Stephen Devereux presents the evidence on whether social and productive safety net programmes and policies are successfully reducing food and nutrition insecurity across the globe. In his presentation he will draw on the June 2012 report
Social protection for food security commissioned by the FAO’s Committee on World Food Security.
Entitlements and a rights-based approach
The report uses Amartya Sen’s entitlement approach as its analytical framework. Different social protection instruments are examined for their contribution to “production-based entitlements” (e.g. agricultural input subsidies), “labour-based entitlements” (public works programmes), “trade-based entitlements” (food price stabilisation, food subsidies) and “transfer-based entitlements” (school feeding, conditional and unconditional cash transfers).

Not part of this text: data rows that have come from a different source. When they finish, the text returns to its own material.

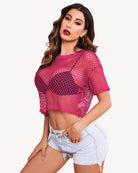 Sheer fishnet crop top with short sleeves, magenta pink, round neckline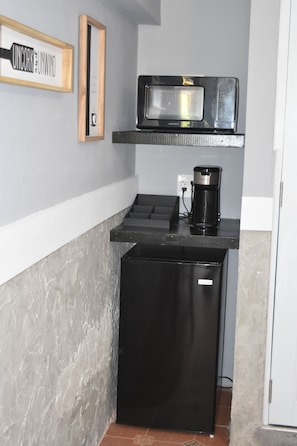 Compact kitchenette with a refrigerator, microwave, and coffee maker, perfect for preparing a quick meal.
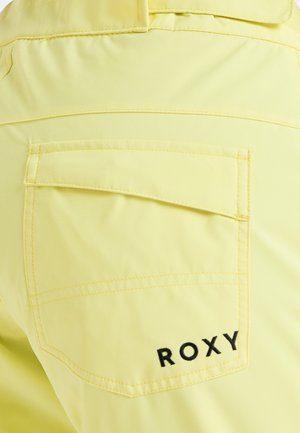 Gelber Stoff mit glatter Textur, ausgestattet mit einer Gesäßtasche und schwarzer "ROXY"-Logo-Stickerei. Einfaches, klares Design mit kontrastierenden Akzenten.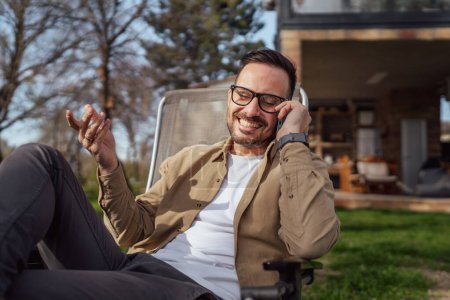 Photo for One adult man 40 years old caucasian male sit in front of his house on vacation talk on his smartphone mobile phone call happy smile during the conversation real person copy space - Royalty Free Image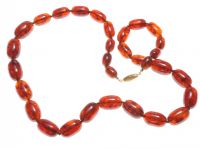 AMBER COLOURED RESIN BEAD NECKLACE WITH GOLD PLATED CLASP at Ross's Online Art Auctions
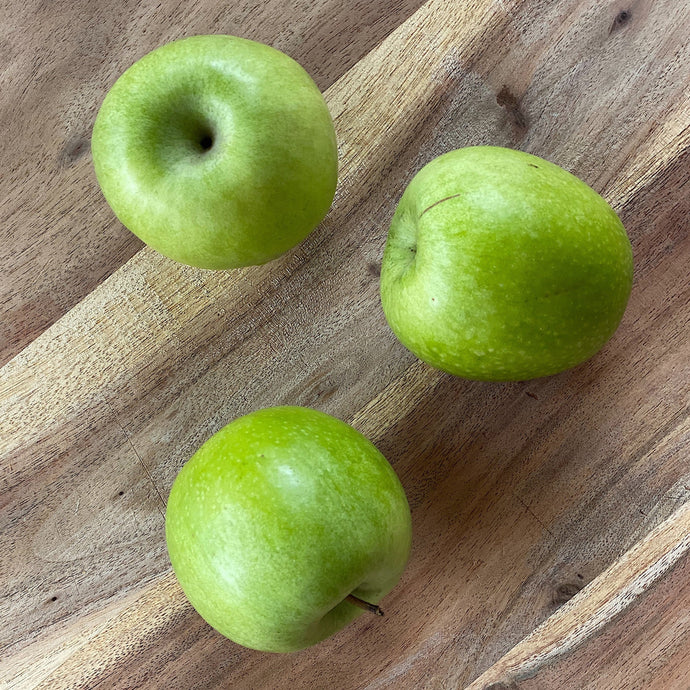 crisp fresh green granny smith apples on a wooden board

Although the review is evidence-based, it is grounded in the right to adequate food and the right to social security. In his presentation Devereux argues that holistic systems of social protection are needed to ensure food security for all, and that social protection should be underpinned by
- a framework law to establish a social contract between governments and citizens or residents, and
- accountability mechanisms to make rights real and justiciable in social protection implementation.
He also endorses the rights-based social protection floor, but argues that it should be extended or complemented by a ‘food security floor’, to give greater and more explicit prominence to the right to food.
Stephen Devereux is a Research Fellow at the Institute of Development Studies, University of Sussex, UK, where he is affiliated with the Centre for Social Protection. He works mainly on social protection and food security in Africa. He was Team Leader for the High-Level Panel of Experts’ report on
Social protection for food security commissioned by the FAO’s Committee on World Food Security.